Valley Gazette publisher targets The Current

Opinion

Last Wednesday’s edition of the Valley Gazette carried an opinion piece (although it is not described as such) by its publisher, Michel Lavigne. It contained a rant against community online “blogs” in general, but left little doubt that its main purpose was to attack The Current. It is worth noting that recently local social media trolls have invited people to disbelieve some of our articles because, they say, The Current is a “blog.” Lavigne appears to have jumped on that bandwagon. This is silly because surely the test of whether an article should be disbelieved is not how or where it is published, but what it says and what it relies on to corroborate what it says.

The Current is not a newspaper — seriously?

Lavigne says,

After talking with numerous publishers, it would seem that a huge number of small communities such as the Madawaska Valley have a number of small groups that start up blogs and call themselves newspapers.

The suggestion that The Current is not entitled to call itself a “newspaper” is misguided and insulting.

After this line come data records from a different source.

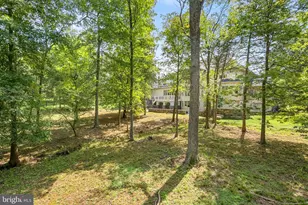 42618 Trappe Rock Ct, Ashburn, VA 20148 - Photo 82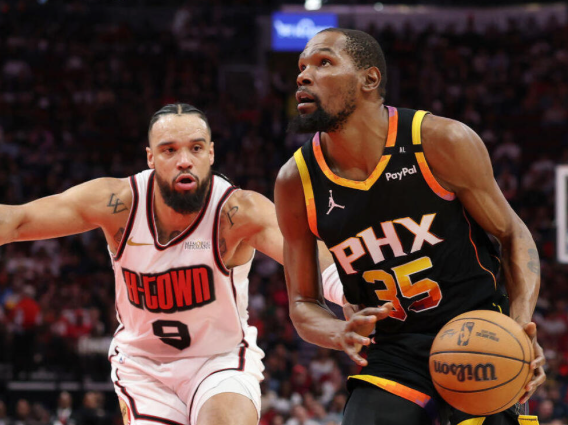kevin-durant-kesal-atas-perlakuan-suns-musim-lalu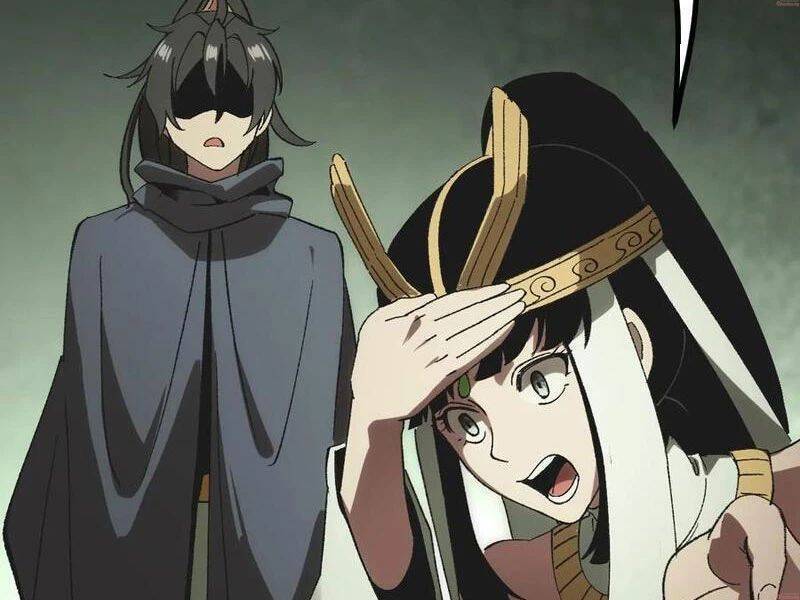 Không Cẩn Thận, Lưu Danh Muôn Thủa - Chapter 57 - Page 24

I would hope that most, if not all, the regular readers of both the online and print versions of The Current (now averaging more than four thousand a month) will have no difficulty rejecting this out of hand. This applies especially to the many who have, over the past year, made a point of complimenting us for bringing what they describe as a “proper newspaper” to the community. Some take pains to explain that this is because we practise investigative journalism.

Also for Lavigne’s information it is the case that MadValley Media, the publisher of The Current, is provincially registered as a business carrying out “online news service.” Also the name “The Madawaska Valley Current” has been registered in Ontario to “publish community newspaper.”

Other Ottawa Valley publishers who use their websites to carry news include the Whitewater News, the Pembroke Observer & News, Inside Ottawa Valley and the Eganville Leader. Like The Current, and indeed the Valley Gazette itself, they are staffed by small teams. Did Lavigne intend his comments to refer to these newspapers as well?

“Opinions are masked as facts”

The most serious of Lavigne’s comments, which follow his specific reference to “blogs” in “Madawaska Valley,” is that The Current misleads people by publishing opinions “masked as facts.” He says, “To the unaided eye (whatever that means) those opinions could be misinterpreted as truth.”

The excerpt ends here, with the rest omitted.